Kegiatan ini dibuka secara resmi oleh Plt. Wakil Jaksa Agung Asep Nana Mulyana yang juga menjabat sebagai Ketua Tim Pengarah Satu Data Kejaksaan. Ia hadir didampingi oleh Kepala Biro Perencanaan, Tyas Widiarto selaku Sekretaris Forum Satu Data Kejaksaan, serta Kepala Pusdaskrimti, Roch Adi Wibowo selaku Penanggung Jawab Satu Data Kejaksaan.

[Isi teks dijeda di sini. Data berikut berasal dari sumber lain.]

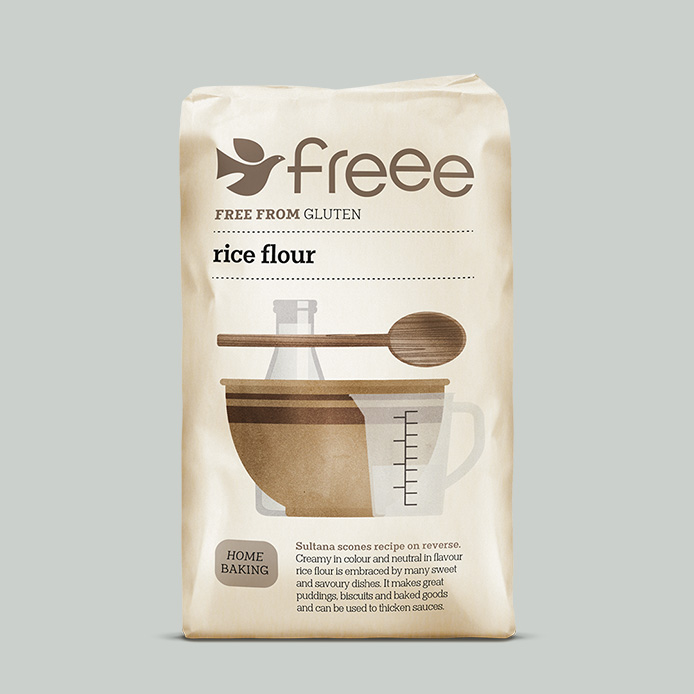 FREEE RICEMP Rice 1kg 1080 - Freee Foods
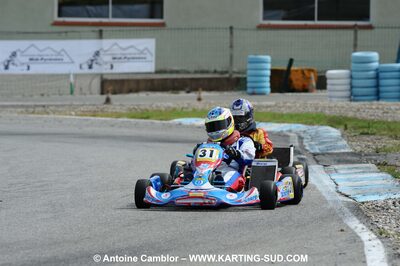 19/09/2010 : Championnat de France KZ125 et KZ125 Gentlemen à Lavelanet (photos Antoine Camblor) 2010 — karting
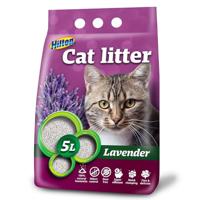 HILTON bentoniet lavendel klonterende kattenbakvulling - 5 l - thumbnail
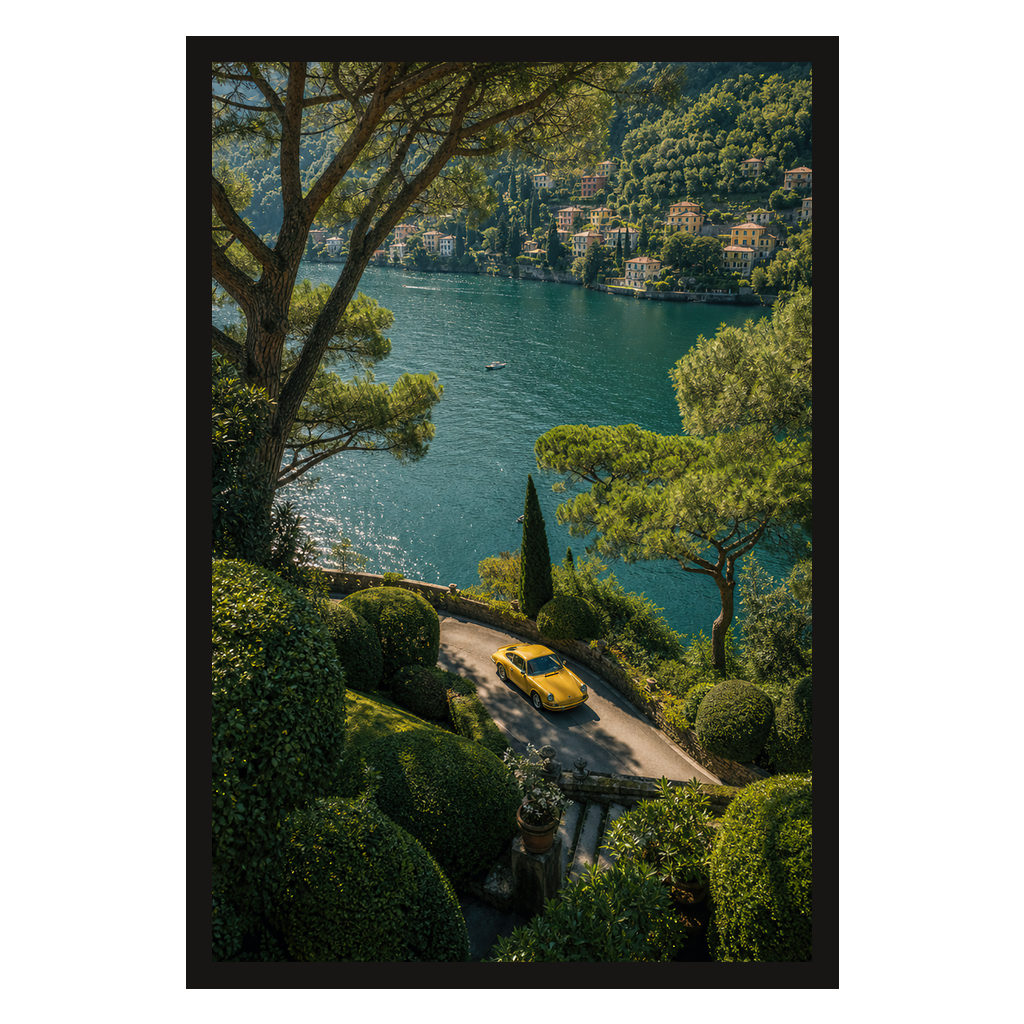 Yellow on the Bend, product preview card.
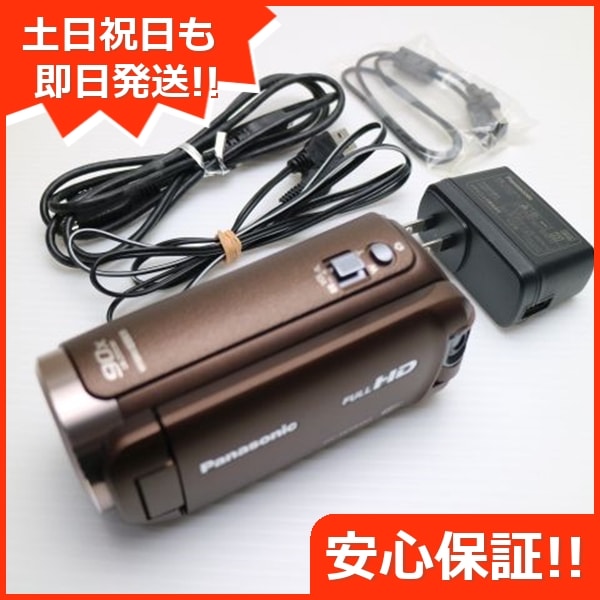 新品同様 HC-W585M ブラウン デジビデ Panasonic 122
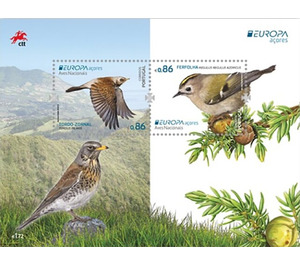 Europa 2019 - National Birds - Portugal / Azores 2019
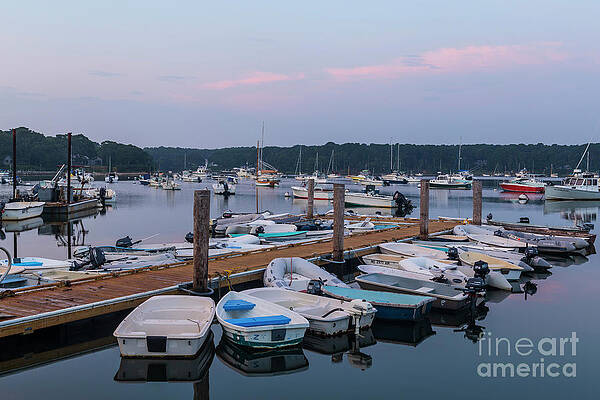Massachusetts Wall Art featuring the photograph Lake Tashmoo Early Light I by Clarence Holmes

FGD ini menjadi forum strategis yang mempertemukan Pusdaskrimti sebagai Walidata dengan jajaran produsen data dari berbagai unit kerja Kejaksaan Agung, Kejaksaan Tinggi, Kejaksaan Negeri, hingga Cabang Kejaksaan Negeri. Tujuannya adalah memperkuat koordinasi dan integrasi data sektoral antar bidang di lingkungan Kejaksaan.
Dalam diskusi yang berlangsung, fokus pembahasan diarahkan pada pentingnya penerapan statistik sektoral yang terintegrasi, akurat, dan saling terhubung. Hal ini dipandang sebagai langkah konkret menuju Kejaksaan yang modern, adaptif, dan berbasis data, sejalan dengan arah kebijakan nasional dan prinsip tata kelola pemerintahan berbasis teknologi informasi.
Pusdaskrimti menekankan bahwa penguatan peran data tidak hanya penting untuk keperluan internal manajemen dan pengambilan kebijakan, tetapi juga sebagai wujud transparansi, akuntabilitas, serta upaya peningkatan kepercayaan publik terhadap institusi penegak hukum.
Kejaksaan Republik Indonesia melalui kegiatan ini menunjukkan komitmen kuat untuk terus mendorong transformasi digital yang menyeluruh dan berkelanjutan dalam sistem penegakan hukum nasional.